Given a policy $\pi$, can we find a better one $\pi'$?

In RL, we evaluate policies by their value function:

$$V^\pi(s) = \mathbb{E}_\pi\!\left[\sum_{t=0}^{\infty} \gamma^t r(s_t, a_t) \;\middle|\; s_0 = s\right]$$

The advantage tells us how much better action $a$ is versus following $\pi$:

$$A^\pi(s,a) = Q^\pi(s,a) - V^\pi(s)$$

Note: $\mathbb{E}_{a \sim \pi}[A^\pi(s,a)] = 0$ — the advantage is zero on average under $\pi$.

If $\pi'$ picks actions with positive advantage at every state, it must be better.

This is the policy improvement theorem.

Policy Improvement Theorem

The foundational guarantee for policy iteration

Theorem. If for all states $s \in \mathcal{S}$:

$$\mathbb{E}_{a \sim \pi'(\cdot|s)}[A^\pi(s,a)] \geq 0$$

then $V^{\pi'}(s) \geq V^{\pi}(s)$ for all $s$.
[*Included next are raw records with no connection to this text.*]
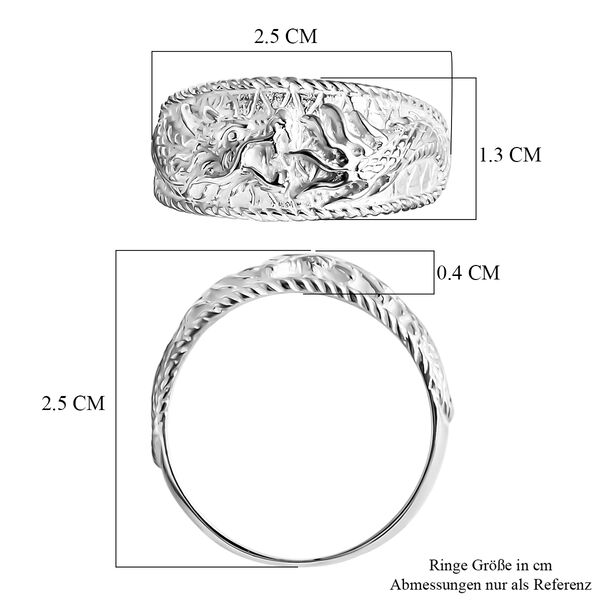 Royal Bali 925 Silber Ring (Gr&ouml;&szlig;e 17.00) ca. 7,92g image number 5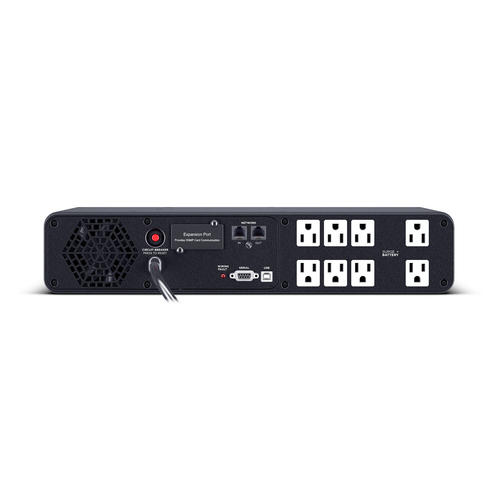 Miniatura 5 de No Break CyberPower CP1500PFCRM2U 1.5 kVA / 1000 W, 1500 J, Entrada 144 V, 8 salidas AC, Negro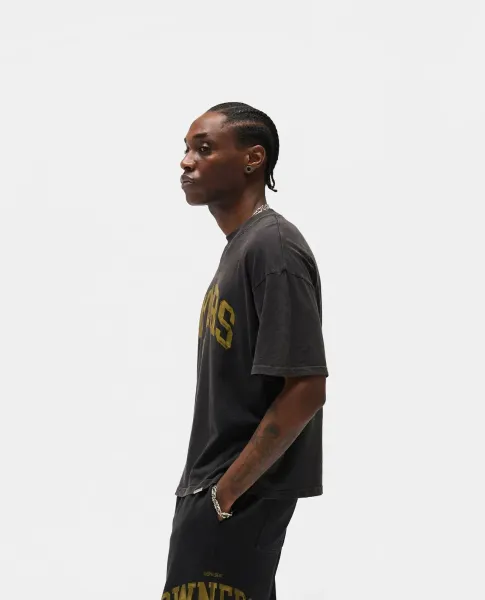 Represent Owners Club Distressed Black T-Shirt - 7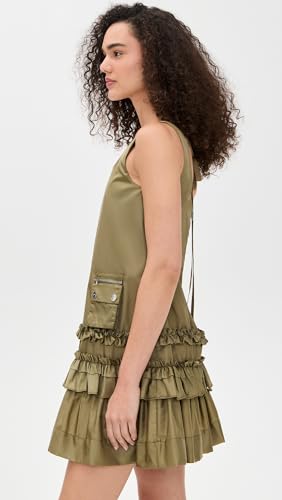 Women's Duchesse Nylon Mini Dress4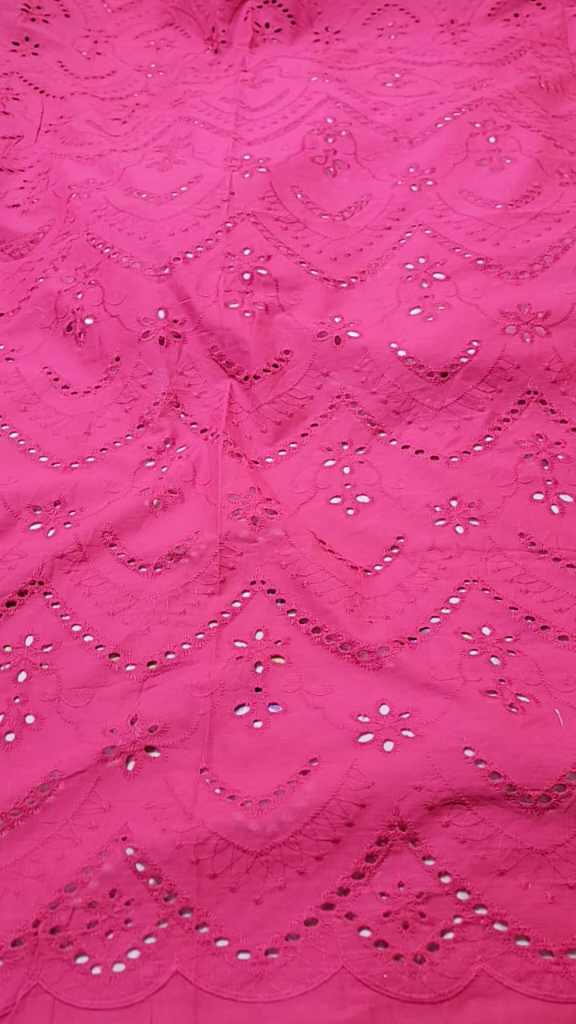 🥳 Sale Sale M-632  Imported Shiffli Embroidery ChickenKari Pure Summer ⛱️ Lawn only Shirt -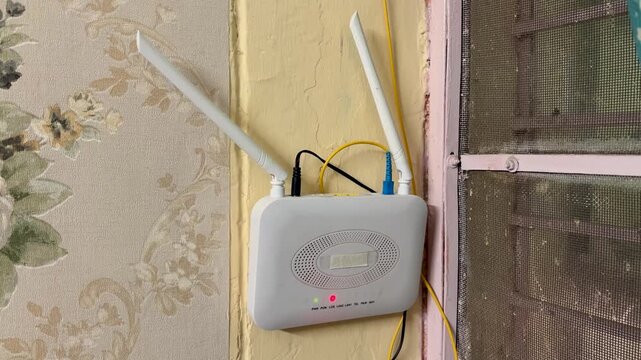 Fiber Optic Router Showing LOS Red Light Network Connection Problem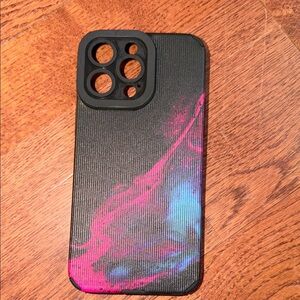 Stylish Black and Pink Phone Case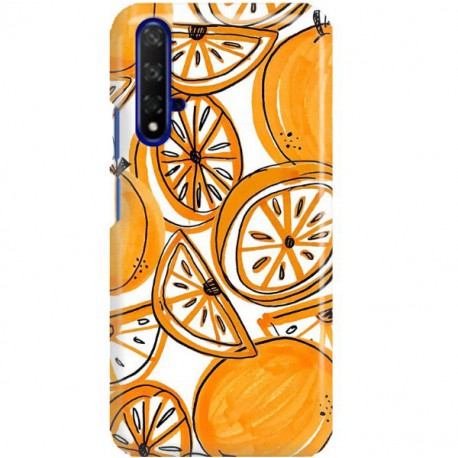 ETUI CLEAR NA TELEFON HUAWEI HONOR 20 SŁODKIE POMARAŃCZE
The condition is local (check each state independently).

The conclusion is global (the value improves everywhere).

The greedy policy $\pi'(s) = \arg\max_a Q^\pi(s,a)$ always satisfies this condition!
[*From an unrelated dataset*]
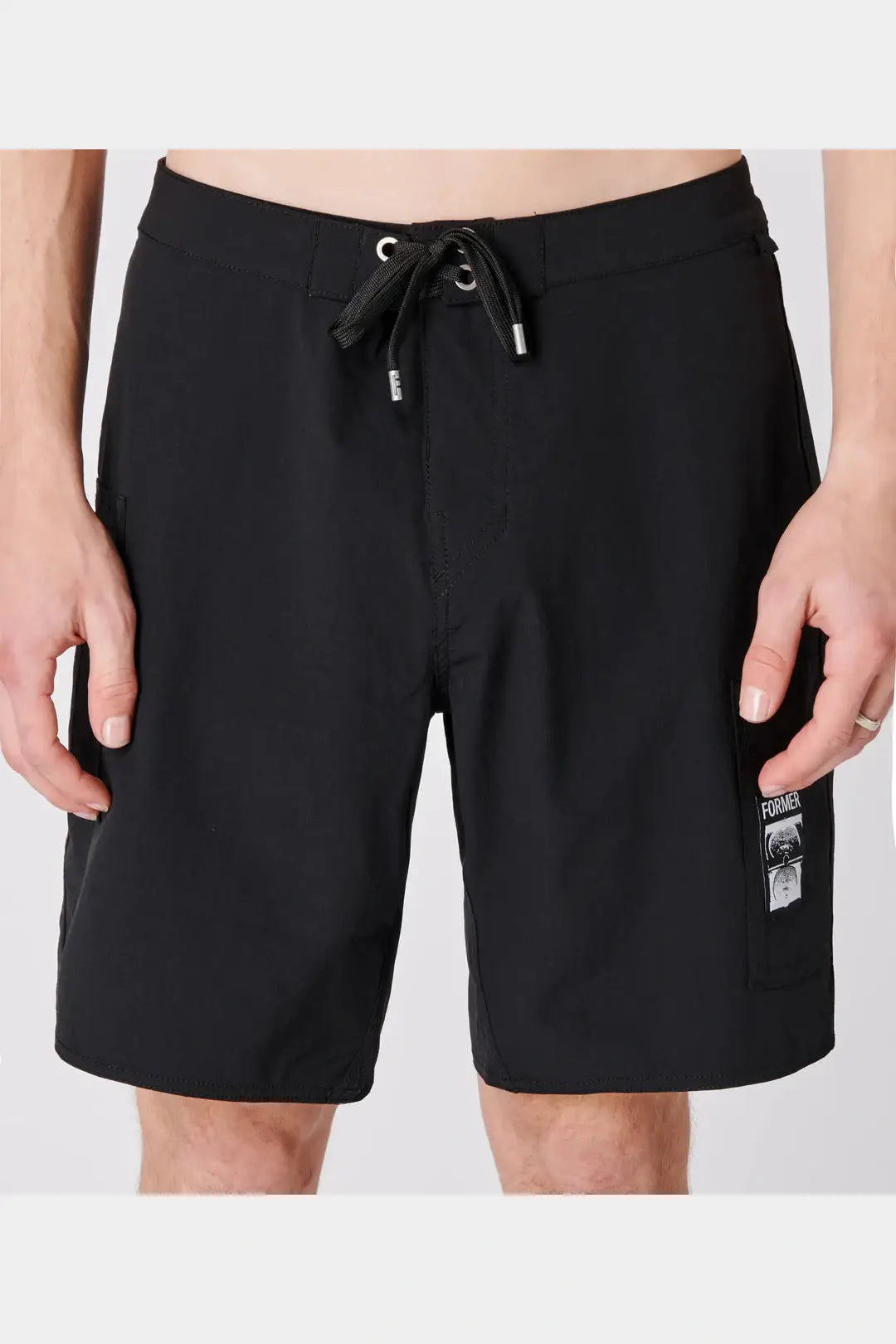 Men's checkered pattern wool shorts for a stylish winter layering optionFormer dane 2.0 trunk - black Men's checkered pattern wool shorts for a stylish winter layering optionFormer dane 2.0 trunk - black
This is why policy iteration converges to the optimal policy.

Proof: The Telescoping Argument

Following Nan Jiang's CS 443 lecture notes

At each step, replace $V^\pi(s')$ with $\mathbb{E}_{\pi'}[Q^\pi(s',a')]$, using $A^\pi \geq 0$.

The inequality cascades forward, and the telescoping produces $V^{\pi'}(s)$.

Each step uses $Q^\pi = A^\pi + V^\pi$ and the assumption $\mathbb{E}_{\pi'}[A^\pi] \geq 0$.

Performance Difference Lemma

Kakade & Langford (2002): the exact gap, not just an inequality

$$V^{\pi'}(s) - V^\pi(s) = \frac{1}{1-\gamma}\, \mathbb{E}_{s' \sim d_s^{\pi'}}\!\left[\mathbb{E}_{a \sim \pi'}[A^\pi(s',a)]\right]$$

where $d_s^{\pi'}$ is the discounted state visitation under $\pi'$ from $s$.

This is an equality: the performance gap is exactly the expected advantage under $\pi'$'s own visitation.

Problem: $d_s^{\pi'}$ depends on $\pi'$ itself — a chicken-and-egg issue.

This is why practical algorithms approximate or bound this quantity.